- PROBLEM STATEMENT -
Could you restate word for word only the lines below from the one holding "Convenience Store Interior" to the one holding "Akatsuki no Yona", inclusive, and leave out the pictures?

- INPUT MATERIAL -
■ ■ ■ ■ ■ ■ ■

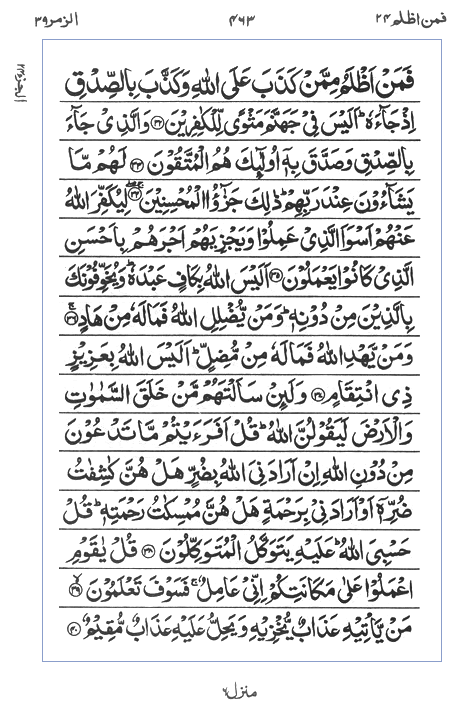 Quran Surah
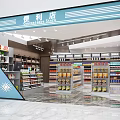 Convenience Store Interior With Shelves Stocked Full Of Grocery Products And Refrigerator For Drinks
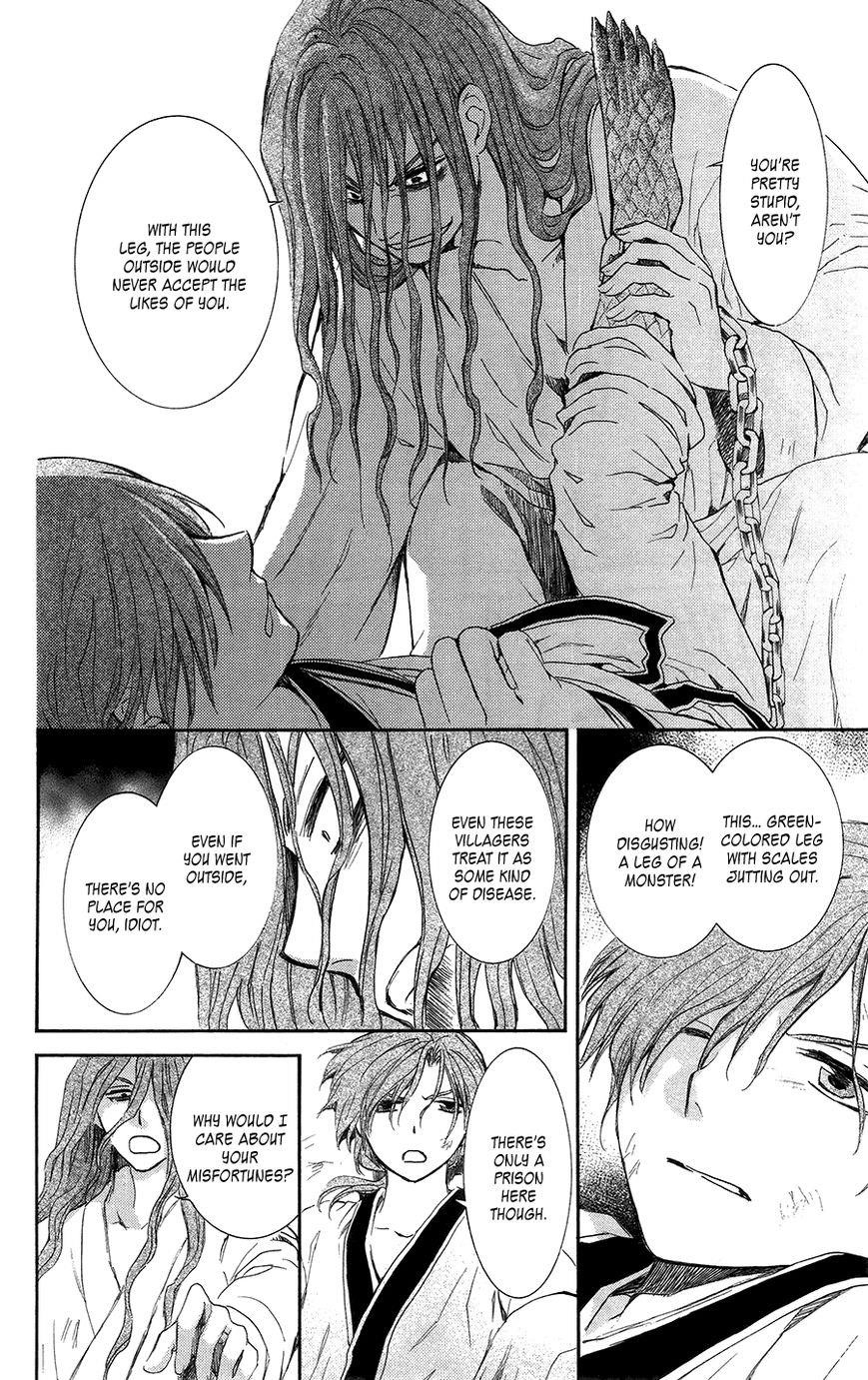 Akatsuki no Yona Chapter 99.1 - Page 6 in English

■ ■ ■ ■ ■ ■ ■

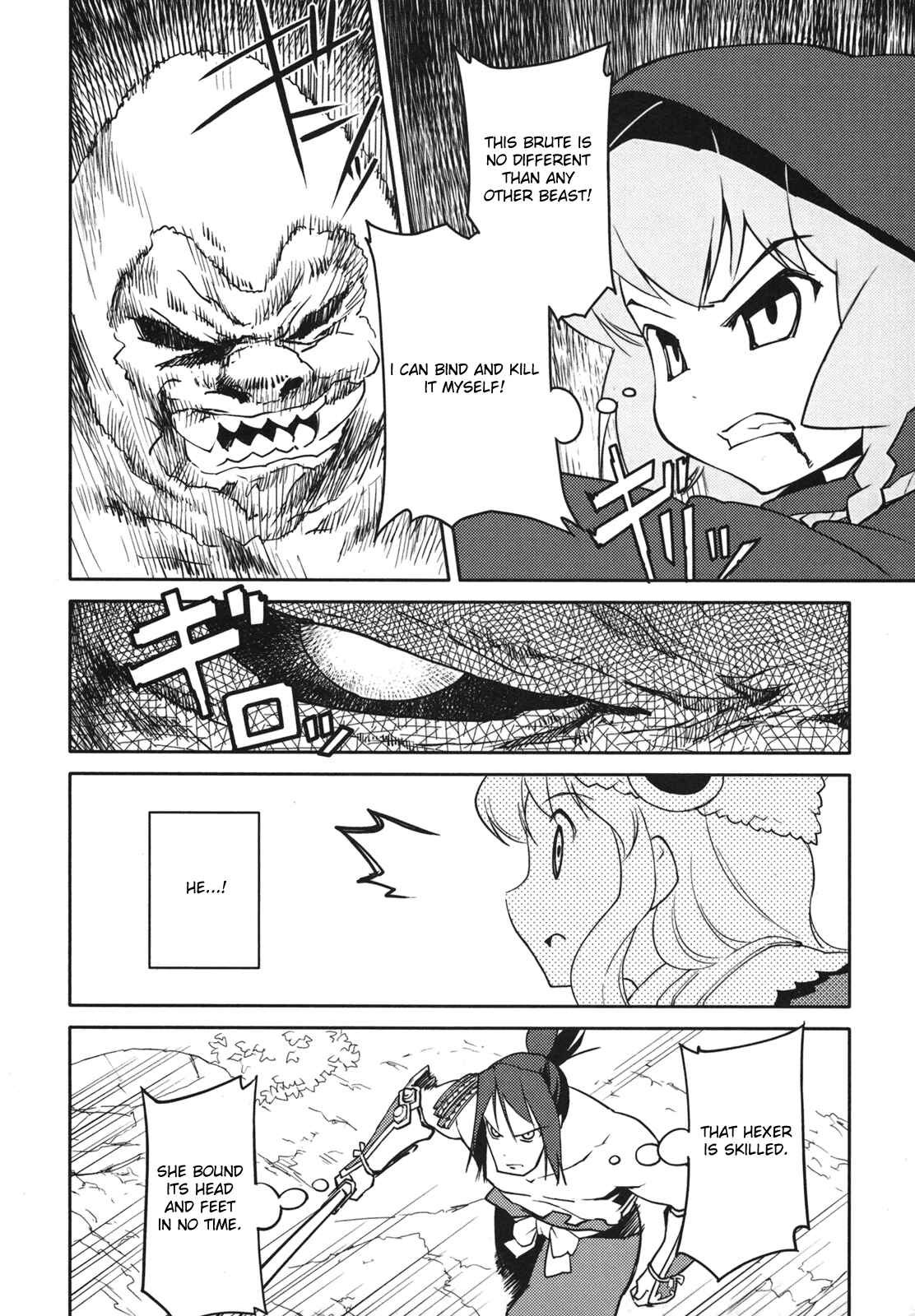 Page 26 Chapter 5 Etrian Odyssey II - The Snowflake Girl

■ ■ ■ ■ ■ ■ ■

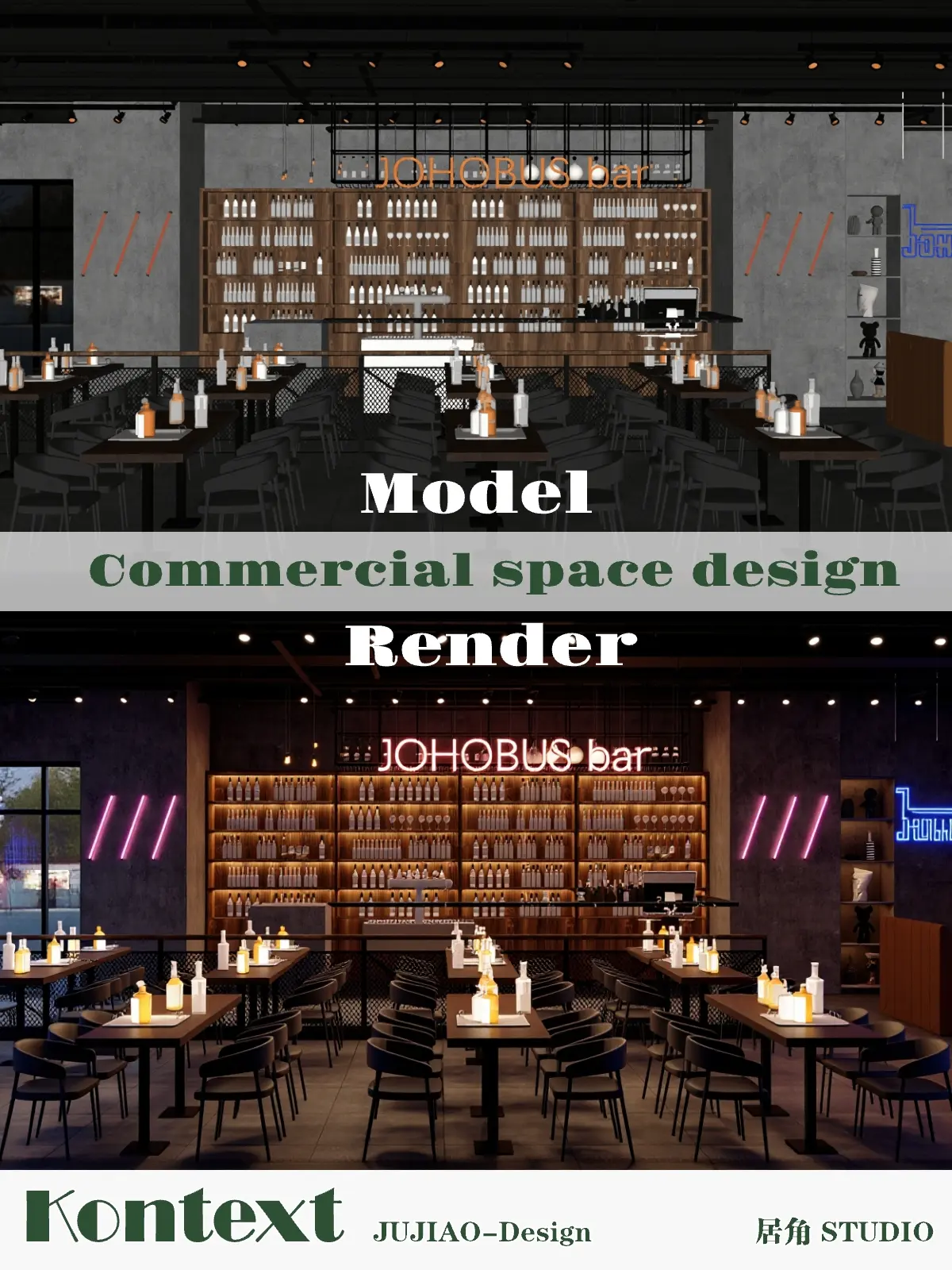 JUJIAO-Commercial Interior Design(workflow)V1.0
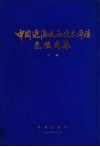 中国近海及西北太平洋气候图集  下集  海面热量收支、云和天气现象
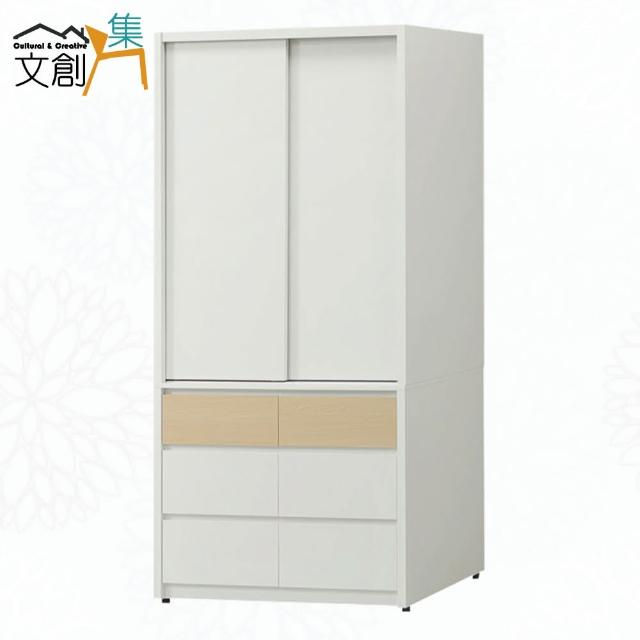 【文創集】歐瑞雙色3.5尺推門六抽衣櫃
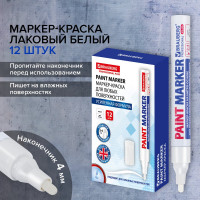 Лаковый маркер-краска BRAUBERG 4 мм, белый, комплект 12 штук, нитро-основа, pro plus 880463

■ ■ ■ ■ ■ ■ ■

- RESULT OF THIS EXERCISE -
 Convenience Store Interior With Shelves Stocked Full Of Grocery Products And Refrigerator For Drinks
 Akatsuki no Yona Chapter 99.1 - Page 6 in English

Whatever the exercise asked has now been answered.